The port side cabin on Britannia was an odd layout, which I could only flatteringly call a “traditional” concept.
The bed configuration was ridiculous! A large 36” inch wide by 19” inch deep section had been cut out of the bed to make into a seat, with an infill piece similar to what is often used between V births in the fo’c’sle. But when this was used as a seat the actual bed was an absurdly narrow 12” inches wide in the middle! This meant the infill had to be in place all the time the bed was used, and never as a separate seat like in a V berth.
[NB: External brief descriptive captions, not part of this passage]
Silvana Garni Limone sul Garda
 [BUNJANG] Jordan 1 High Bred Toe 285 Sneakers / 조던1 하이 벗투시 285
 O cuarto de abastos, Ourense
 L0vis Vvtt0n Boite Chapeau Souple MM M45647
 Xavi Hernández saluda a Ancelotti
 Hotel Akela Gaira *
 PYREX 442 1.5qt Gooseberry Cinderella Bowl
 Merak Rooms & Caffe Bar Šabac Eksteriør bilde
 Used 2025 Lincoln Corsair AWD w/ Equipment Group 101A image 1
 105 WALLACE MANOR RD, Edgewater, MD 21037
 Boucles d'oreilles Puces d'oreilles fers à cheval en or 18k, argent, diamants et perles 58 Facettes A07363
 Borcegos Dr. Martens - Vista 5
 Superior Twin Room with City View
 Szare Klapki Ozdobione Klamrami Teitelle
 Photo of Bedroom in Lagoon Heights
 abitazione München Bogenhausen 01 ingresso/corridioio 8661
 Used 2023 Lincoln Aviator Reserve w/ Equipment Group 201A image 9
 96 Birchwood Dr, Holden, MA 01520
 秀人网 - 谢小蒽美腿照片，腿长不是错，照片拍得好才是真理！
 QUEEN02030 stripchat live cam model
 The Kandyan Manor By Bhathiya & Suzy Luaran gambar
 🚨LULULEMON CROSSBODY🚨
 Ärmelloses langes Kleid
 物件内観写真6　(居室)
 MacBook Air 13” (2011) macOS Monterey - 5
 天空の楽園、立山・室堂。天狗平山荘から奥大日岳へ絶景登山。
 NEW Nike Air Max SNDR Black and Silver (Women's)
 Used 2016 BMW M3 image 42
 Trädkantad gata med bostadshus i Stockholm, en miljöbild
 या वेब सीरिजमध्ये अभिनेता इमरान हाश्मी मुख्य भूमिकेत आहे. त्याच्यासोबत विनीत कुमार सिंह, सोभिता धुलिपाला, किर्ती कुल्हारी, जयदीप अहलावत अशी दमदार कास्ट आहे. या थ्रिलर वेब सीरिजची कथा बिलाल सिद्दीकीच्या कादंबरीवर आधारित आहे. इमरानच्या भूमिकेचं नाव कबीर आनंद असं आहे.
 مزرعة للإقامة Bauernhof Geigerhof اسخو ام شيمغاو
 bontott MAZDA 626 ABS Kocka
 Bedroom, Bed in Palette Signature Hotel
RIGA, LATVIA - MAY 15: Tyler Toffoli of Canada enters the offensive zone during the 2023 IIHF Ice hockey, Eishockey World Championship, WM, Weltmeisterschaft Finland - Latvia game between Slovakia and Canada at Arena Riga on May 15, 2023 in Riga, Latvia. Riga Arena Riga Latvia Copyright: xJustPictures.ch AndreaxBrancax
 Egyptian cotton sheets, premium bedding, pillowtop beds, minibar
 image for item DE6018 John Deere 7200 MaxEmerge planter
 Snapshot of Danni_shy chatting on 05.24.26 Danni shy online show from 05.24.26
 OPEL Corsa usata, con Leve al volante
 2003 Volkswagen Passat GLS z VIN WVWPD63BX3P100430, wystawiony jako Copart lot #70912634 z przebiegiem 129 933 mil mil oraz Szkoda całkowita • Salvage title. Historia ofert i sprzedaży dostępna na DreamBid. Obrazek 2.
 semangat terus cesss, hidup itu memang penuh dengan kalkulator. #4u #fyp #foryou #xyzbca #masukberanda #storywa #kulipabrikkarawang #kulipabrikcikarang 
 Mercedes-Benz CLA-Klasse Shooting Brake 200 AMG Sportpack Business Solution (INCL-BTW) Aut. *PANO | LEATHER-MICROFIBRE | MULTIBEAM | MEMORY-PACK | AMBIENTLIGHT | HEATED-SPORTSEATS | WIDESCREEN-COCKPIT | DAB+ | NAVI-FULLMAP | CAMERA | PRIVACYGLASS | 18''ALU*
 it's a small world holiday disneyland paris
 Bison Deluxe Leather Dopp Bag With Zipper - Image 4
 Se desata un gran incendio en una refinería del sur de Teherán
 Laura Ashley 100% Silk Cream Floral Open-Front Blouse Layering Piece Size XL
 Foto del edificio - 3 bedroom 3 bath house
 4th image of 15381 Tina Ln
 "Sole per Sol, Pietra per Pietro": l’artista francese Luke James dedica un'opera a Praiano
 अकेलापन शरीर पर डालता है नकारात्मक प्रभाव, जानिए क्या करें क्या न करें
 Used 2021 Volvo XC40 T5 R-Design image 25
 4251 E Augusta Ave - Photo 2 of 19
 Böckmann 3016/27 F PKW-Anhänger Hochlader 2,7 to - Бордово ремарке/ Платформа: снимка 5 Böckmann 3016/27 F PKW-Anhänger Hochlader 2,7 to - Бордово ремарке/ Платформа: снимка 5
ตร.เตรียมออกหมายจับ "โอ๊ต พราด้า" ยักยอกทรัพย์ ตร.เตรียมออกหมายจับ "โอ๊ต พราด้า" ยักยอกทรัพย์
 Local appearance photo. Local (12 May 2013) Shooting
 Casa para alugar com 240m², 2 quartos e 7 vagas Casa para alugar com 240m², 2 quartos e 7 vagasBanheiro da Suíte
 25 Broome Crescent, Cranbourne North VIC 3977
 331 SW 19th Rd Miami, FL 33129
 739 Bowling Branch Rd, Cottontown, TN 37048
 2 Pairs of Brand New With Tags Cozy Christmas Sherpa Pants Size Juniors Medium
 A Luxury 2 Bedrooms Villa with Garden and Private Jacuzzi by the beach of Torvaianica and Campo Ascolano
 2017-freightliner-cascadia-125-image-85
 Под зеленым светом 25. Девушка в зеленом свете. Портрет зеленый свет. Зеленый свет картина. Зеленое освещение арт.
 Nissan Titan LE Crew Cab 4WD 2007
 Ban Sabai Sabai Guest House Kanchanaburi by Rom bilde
Another reason why the bed was so narrow was the row of four lockers along the side of the hull. These were poky little spaces with doors which could not even be opened when the bed was made, because they opened flush with the mattress. Above these was a shelf edged with pin-rail which looked very nice, but there was only 4” inches between the pin rail and the turn of the hull to put things on the shelf. It wasn't even possible to put a book on the shelf. This was also the only one of the three cabins which did not have a hanging locker. The single 120-volt AC power socket was at the foot of the bed, and difficult to reach. So if you wanted to change, say an I-phone overnight, you had to slither to the foot of the bed to plug it in. Why wasn't the plug it installed at the head of the bed??
It was an altogether impractical and badly thought-out cabin layout, but I had become used to this as I worked through renovating and modernizing Britannia. In so many places it was as though the designer and builders had little practical knowledge of real boating, or even simple ergonomics.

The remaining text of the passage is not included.